Required action: Among the lines below, take the one holding "What Happened After", the one holding "Касета 11 SHIMANO", and all lines between them. Set them down exactly.

Data for review:
- - - - - - -

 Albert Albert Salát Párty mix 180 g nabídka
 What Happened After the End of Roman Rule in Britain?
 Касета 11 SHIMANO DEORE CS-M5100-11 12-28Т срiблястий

- - - - - - -

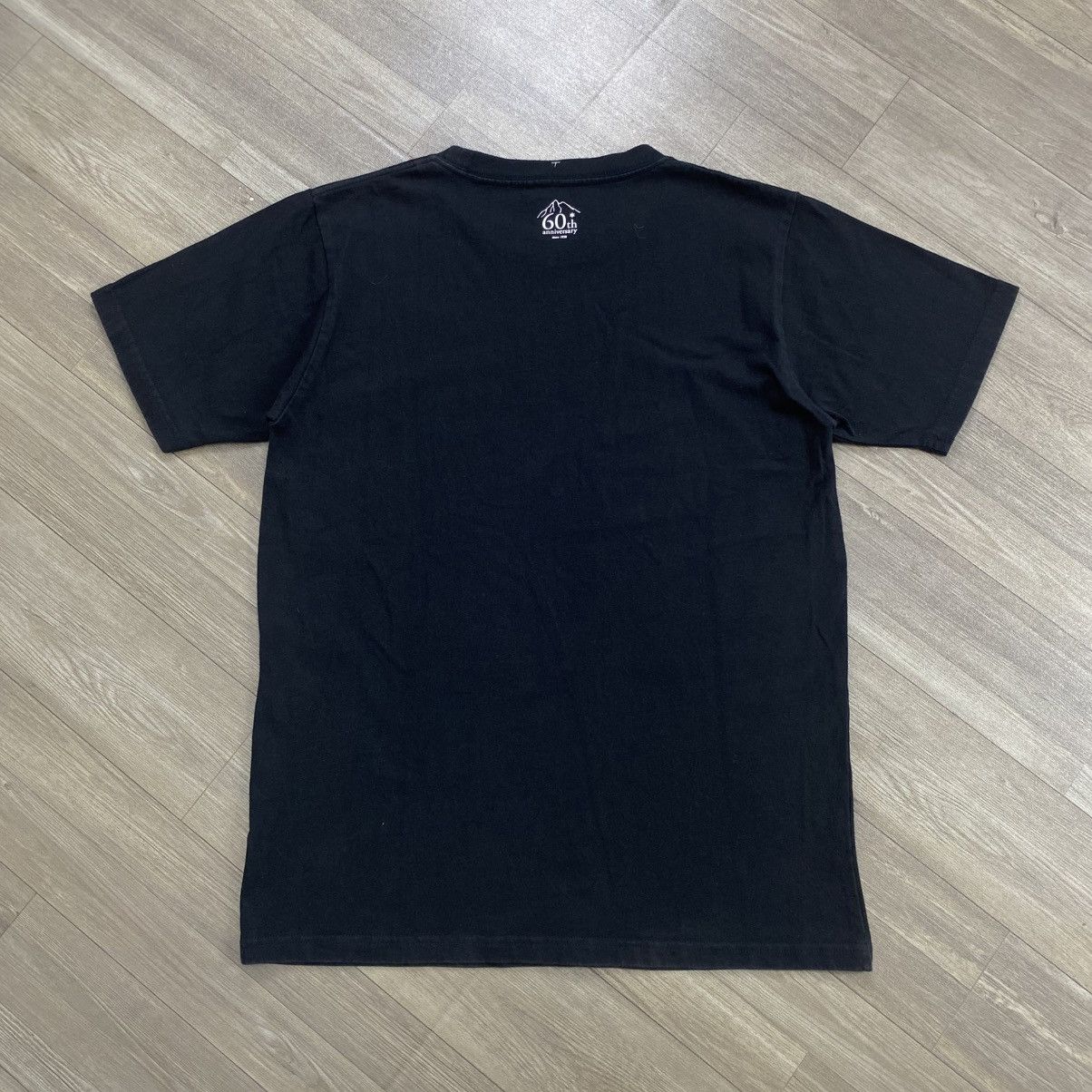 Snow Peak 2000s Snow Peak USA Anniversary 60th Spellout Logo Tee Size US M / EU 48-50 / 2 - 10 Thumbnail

- - - - - - -

Response:
 What Happened After the End of Roman Rule in Britain?
 Касета 11 SHIMANO DEORE CS-M5100-11 12-28Т срiблястий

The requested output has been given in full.